Portland’s smart city proposal includes a variety of innovative programs focusing on the city’s new “Biketown” bikesharing system, which is set to launch this coming July. One particularly interesting detail is Portland’s plan to implement variable bikeshare pricing to encourage users to self-rebalance bikes and refill empty stations.

The pricing model would fluctuate depending on when in the day a user picks up a bike and where they travel. For instance, riders could receive discounts for ending their trips in key destinations (like in the downtown core just before rush hour) or at empty docks.

By relying on riders to keep bikes circulating throughout the system, instead of rebalancing using trucks, Portland’s approach will also help reduce the overall carbon footprint of its bikeshare system and free up workers to focus on other aspects of the program.

Additionally, the data from Portland’s “smart” bike technology would also feed into a shared, IT-enabled network of transportation information that bikeshare riders could use to find the fastest and safest routes in real time.

 2. Columbus, OH: “Smart Corridors”

Columbus, Ohio’s proposal features a series of “Smart Corridors” that would act as testing grounds for new solutions to improve access to transportation within the city. Specifically, the corridors would help address first/last mile gaps along Cleveland Avenue, which connects to many major employment centers, as well as in the city’s Linden neighborhood, which has unreliable access to jobs and health services, and high unemployment.

To help overcome Linden’s mobility barriers, Columbus’s plan suggests subsidizing new multimodal options such as e-hailing and carsharing to increase transportation access for disadvantaged residents.  Other possible tactics mentioned are inclusion of private sector services in public transportation planning applications, offering backing from the City for insurance and liability needs, and guaranteeing specific quantities of trips.

Columbus’s focus on using new solutions to increase service to low-income and low-density neighborhoods offers a great example for other cities to follow.

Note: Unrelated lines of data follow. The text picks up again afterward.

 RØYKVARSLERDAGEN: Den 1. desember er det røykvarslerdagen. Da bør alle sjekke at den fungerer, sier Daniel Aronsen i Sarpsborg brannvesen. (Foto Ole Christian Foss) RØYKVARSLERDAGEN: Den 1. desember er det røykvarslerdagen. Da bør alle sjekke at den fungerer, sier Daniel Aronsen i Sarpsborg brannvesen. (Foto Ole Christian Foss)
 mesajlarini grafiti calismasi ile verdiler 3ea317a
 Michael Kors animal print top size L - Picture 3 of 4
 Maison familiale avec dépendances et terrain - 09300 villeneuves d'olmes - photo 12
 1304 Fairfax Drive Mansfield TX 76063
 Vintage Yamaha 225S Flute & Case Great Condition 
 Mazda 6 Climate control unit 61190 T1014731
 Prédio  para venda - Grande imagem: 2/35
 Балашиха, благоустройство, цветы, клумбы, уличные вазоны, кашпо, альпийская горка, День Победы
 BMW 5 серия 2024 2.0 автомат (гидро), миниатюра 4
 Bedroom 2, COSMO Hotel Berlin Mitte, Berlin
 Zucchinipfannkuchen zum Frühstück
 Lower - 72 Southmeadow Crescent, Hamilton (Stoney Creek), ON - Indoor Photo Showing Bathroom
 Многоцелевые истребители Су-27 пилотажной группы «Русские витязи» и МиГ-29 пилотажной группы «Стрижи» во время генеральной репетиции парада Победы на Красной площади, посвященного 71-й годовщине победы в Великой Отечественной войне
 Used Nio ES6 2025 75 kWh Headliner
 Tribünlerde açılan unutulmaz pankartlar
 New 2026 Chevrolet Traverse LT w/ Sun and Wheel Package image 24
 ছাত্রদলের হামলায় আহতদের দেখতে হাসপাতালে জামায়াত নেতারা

3. Kansas City, MO: Real-Time Mobility Kiosks

Kansas City’s Smart City Challenge proposal builds on some of the innovative projects already underway in the city, including the construction of 25 interactive digital kiosks that will display information on transportation options, including shared mobility.

The kiosks will aggregate multiple lines of mobility services to inform users, in real time, which modes of transportation are located nearest to them, and help them determine the most effective method of travel given current traffic conditions. For instance, if the roads are congested, the kiosk system may advise that bikesharing, or using KCATA’s dynamic shuttle service, is the most efficient mode of transit.

The digital kiosk concept is being pursued in other cities as well, including a project in New York City called LinkNYC, which will allow residents and visitors to access free WiFi and travel information. However, Kansas City’s program is unique in that its interactive interface will provide real-time shared mobility information, helping to improve visibility and use for a wide variety of transportation options.

4. Pittsburgh, PA: Electric Autonomous Shuttles

Pittsburgh is quickly becoming a center for autonomous vehicle innovation. Last year, Uber and Carnegie Mellon University announced a strategic partnership to create the Uber Advanced Technologies Center in Pittsburgh (before Uber eventually hired away many of CMU’s researchers). More recently, there have been sightings of self-driving Uber vehicles prowling the city’s streets.

To build on this momentum, Pittsburgh’s Smart City Challenge proposal included creating an autonomous shuttle route along the city’s Electric Avenue. The route would help ensure the safe operation of autonomous EV shuttles, and would expand to a wider geographic network over time.

Pittsburgh would also use the data generated from the project to inform future decisions for autonomous EVs to ensure they meet a variety of goals, including a 50 percent reduction in greenhouse gas emissions and a greater reduction of traffic deaths through Vision Zero. Finally, the project would also include the construction of charging stations on a city-owned lot that would draw power from a solar canopy.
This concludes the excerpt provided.